Theoretical analysis of efficiency for vacuum photoelectric energy converters with plasmon-enhanced electron emitter

Abstract

Thermionic energy converters (TECs) convert heat or light into electrical energy based on electron emission in vacuum. By using a cathode consisting of metal nanostructures, plasmonic thermionic energy converters (PTECs) can overcome challenges concerning high operation temperature, which hinders the use of TEC for solar–thermal energy conversion. However, there is lack of theoretical analysis to describe the mechanism behind PTEC and to guide the design of device. In this study, we developed a simple model to calculate the power conversion efficiency of PTEC consisting of metal nanostructure cathodes, also named as vacuum photoelectric energy converter (VPEC) with plasmon-enhanced electron emitter, in this work. The distribution of plasmon-induced hot electrons was calculated using Fermi's golden rule. Under the assumption of ballistic transport and photoemission, the performance of VPEC was analyzed under different operating conditions.

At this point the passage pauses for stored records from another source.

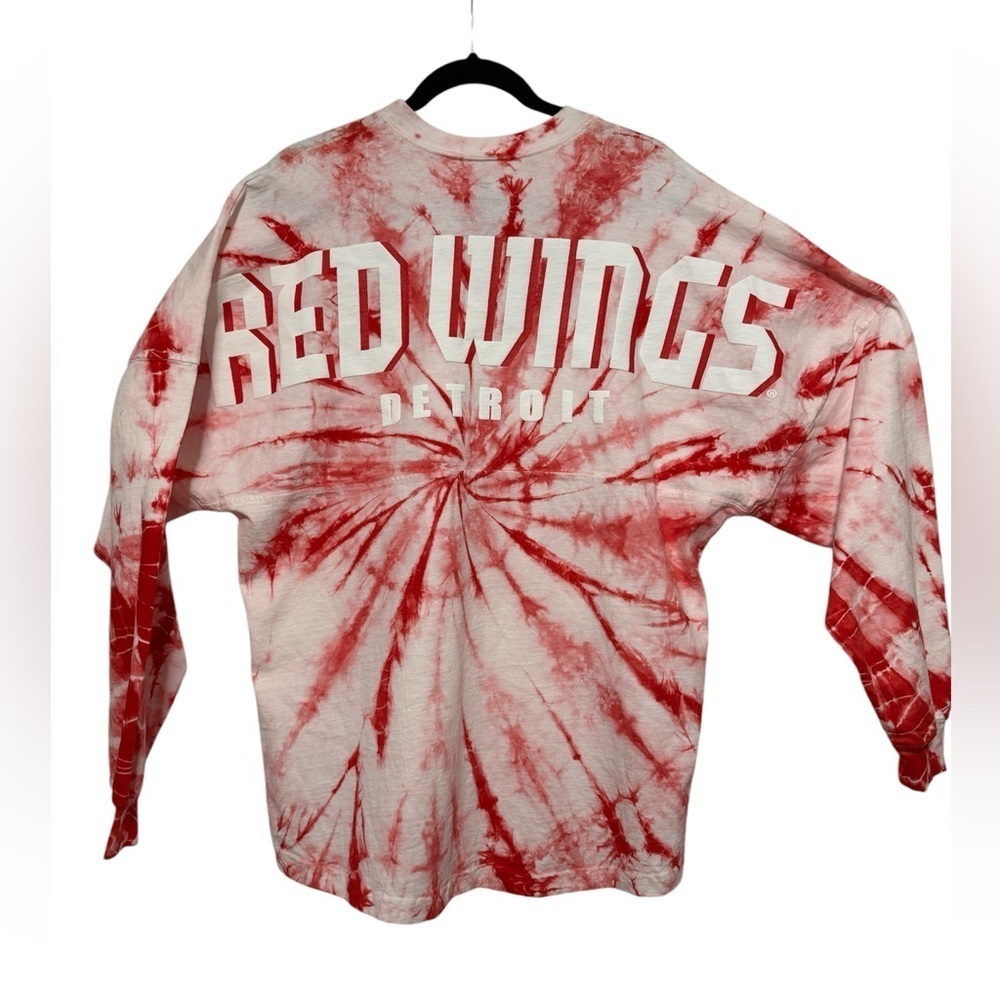 Fanatics Detroit Red Wings red and white tie dye long sleeve shirt Sz Large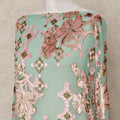 Mint Green Floral Metallic Lurex Silk Velvet Chiffon Makmal Dirac Fabric Traditional Somali Embroidered Design 3.5 Mtrs Piece 140 Cms Width Made In South Korea-D28415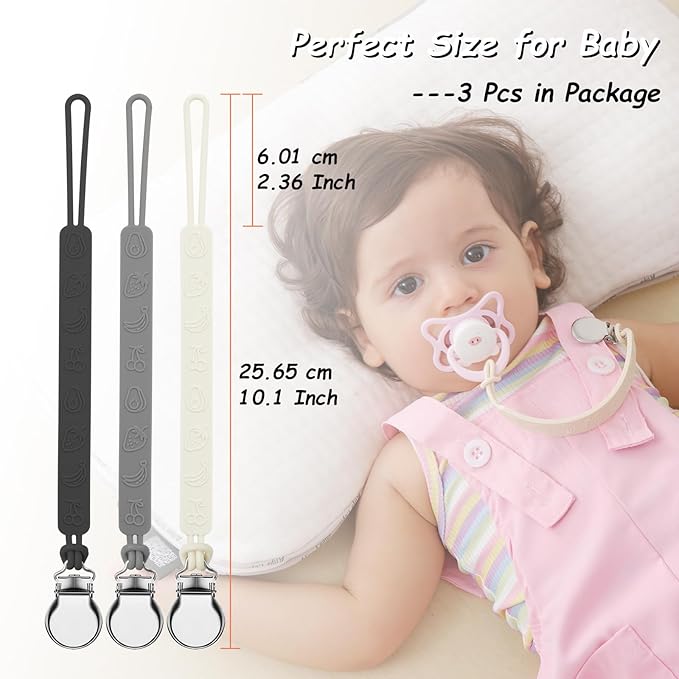 Silicone Pacifier Clip, Seposeve Pack of 3 Baby Pacifier Teether Clip with 4 Texture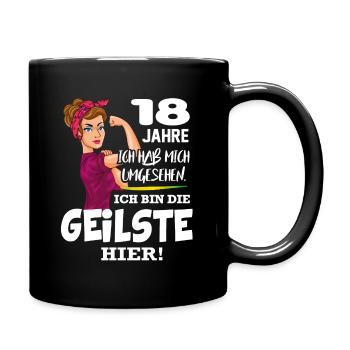 Geburtstag 18 Jahre Die Beste Geilste Chefin Queen - Tasse einfarbig - Schwarz - Rechts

The results reveal that the size and shape of the nanostructure cathode influence the hot electron emission efficiency. For a cathode consisting of a single silver nanosphere, an optimal nanosphere diameter of ∼15 nm exists with optimal quantum efficiency and energy conversion of 8.71% and 1.88%, respectively, under the illumination of 339 nm light. Besides, the optimal performance for cathode consisting of a silver nanosphere array is ∼33% of that for the single silver nanosphere. This model provides insights into the dynamics of plasmon-induced hot electrons and guidelines for optimizing hot electron devices for photoelectric conversion applications.